Googel’s and Sisti’s criminal convictions—and the instant bankruptcy—both stem from illegal Ponzi schemes that they perpetrated through their partnership, Colonial, in collaboration with Andersen and the other defendants.3 Googel and Sisti formed Colonial in the 1960s as a vehicle to sell real estate limited partnerships from which they derived interests in the real property and fees for management services. Beginning in 1975, Andersen performed extensive services for Colonial, Googel, and Sisti by providing forecasts and analyses for, and access to potential investors in, Colonial’s real estate syndications. Andersen’s initial contributions were “unofficial,” in that Colonial was not allowed to put Andersen’s name on any of the financial documents prepared by Andersen. In or about 1981, however, Andersen commenced formally placing its name upon financial documents prepared for Colonial’s syndications. In exchange for the expertise, credibility, and business contacts that the Andersen name provided to Colonial, Colonial agreed to hire Shuch, an alleged embezzler who was the brother-in-law of David Federman, a partner at Andersen with primary responsibility for the Colonial account.

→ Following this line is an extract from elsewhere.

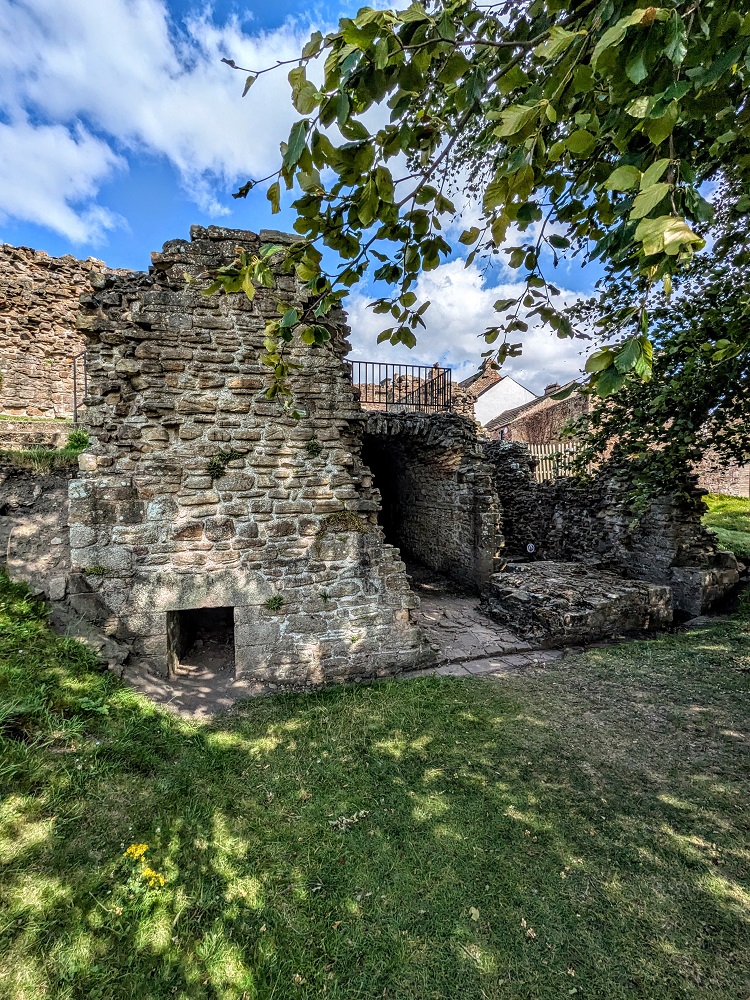 Barnard Castle - Brackenbury Tower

Shuch, Googel, and Sisti then formed Colonial Realty II, a general partnership in which each of them held a one-third interest and which participated as a general partner in some of the Colonial limited partnership syndications. Googel, Sisti, or Colonial always was the other general partner in such partnerships in order “to control Shuch’s participation in the projects.” Shuch, in turn, established Consulting Enterprises, Inc. (“Consulting”), a Connecticut corporation, and performed all his work for Colonial and related entities as an employee of Con-[1089]*1089suiting, for which he received in excess of $5.5 million in payments between 1986 and 1990. The Complaint alleges that “the fees generated from each syndication grew enormously as Andersen had represented they would if Shuch was retained,” and that thenceforth “the fees began to drive the syndication transactions.”

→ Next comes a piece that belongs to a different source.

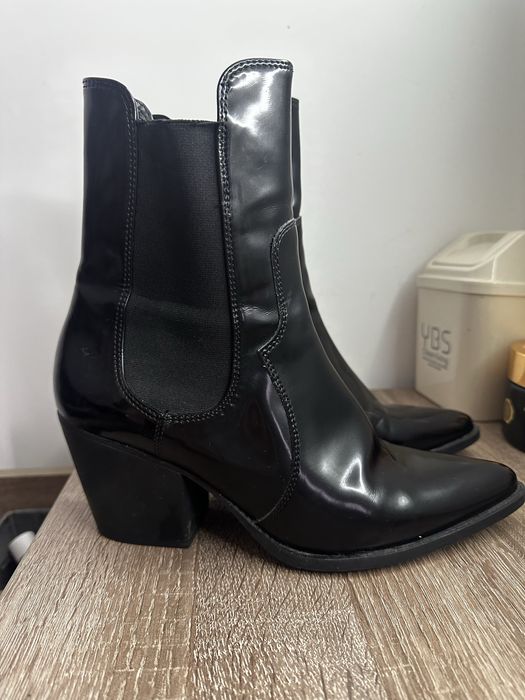 Продам чоботи(козакі) 40 р zara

The Complaint further alleges that “Andersen sought to place Shuch as an employee of Colonial so as to obtain control of Colonial,” that “[t]he dramatic increase in Colonial’s business was a direct and proximate result of Andersen’s control over the Colonial syndications,” and that Googel and Sisti “may not have fully understood” the financial status of their burgeoning operations, while Andersen “knew everything” because it was “[sophisticated] and highly skilled in the business, real estate finance and syndication.” In addition, Shuch and Andersen took the lead in preparing the false and misleading private placement memoranda (“PPMs”) and financial forecasts by means of which the Ponzi schemes were primarily carried forward,4 and Andersen “placed [its] investors in these deals.”

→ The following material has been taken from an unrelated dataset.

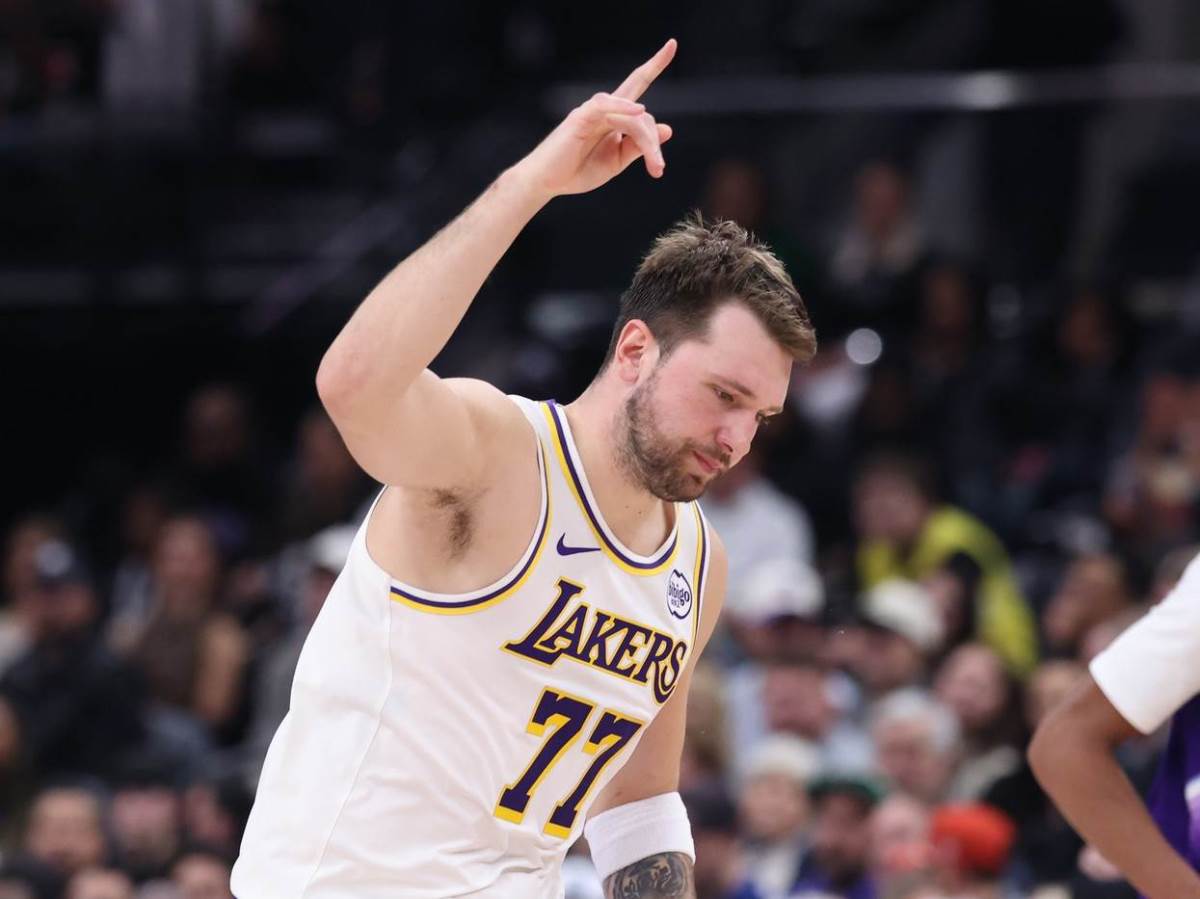  Lebron Džejms se vratio na teren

Thus, it is claimed that “Andersen created in Colonial an industry giant which Andersen could and did display to other potential clients as an example of the success and prestige which any company could attain if it hired and paid Andersen.” In a subsequent RICO case statement filed in compliance with a standing order of the district court, Hirsch asserted that “[Andersen]’s fraudulent and illegal conduct with respect to the projections and forecasts has caused the Debtors to incur extraordinary liabilities consisting of contingent financing obligations, guarantee obligations, and trade debt ... [, as] evidenced by the more than $10 billion in claims filed against [Colonial, Googel and Sisti], including approximately $6.9 billion in claims filed against the Debtors by investors.”

On the other hand, it is also alleged in the Complaint that “[i]f Andersen and Colonial did not find the forecasts to be attractive enough then the numbers were changed until they were [emphasis added],” and that “Colonial and Andersen knew that there was a clear inability to satisfy the dividends to the investors from the revenue of the respective partnership [emphasis added].”

In 1989, Colonial and Andersen formulated their largest transaction, involving the acquisition and syndication of a number of properties from the Travelers Insurance Company (the “Travelers Portfolio”).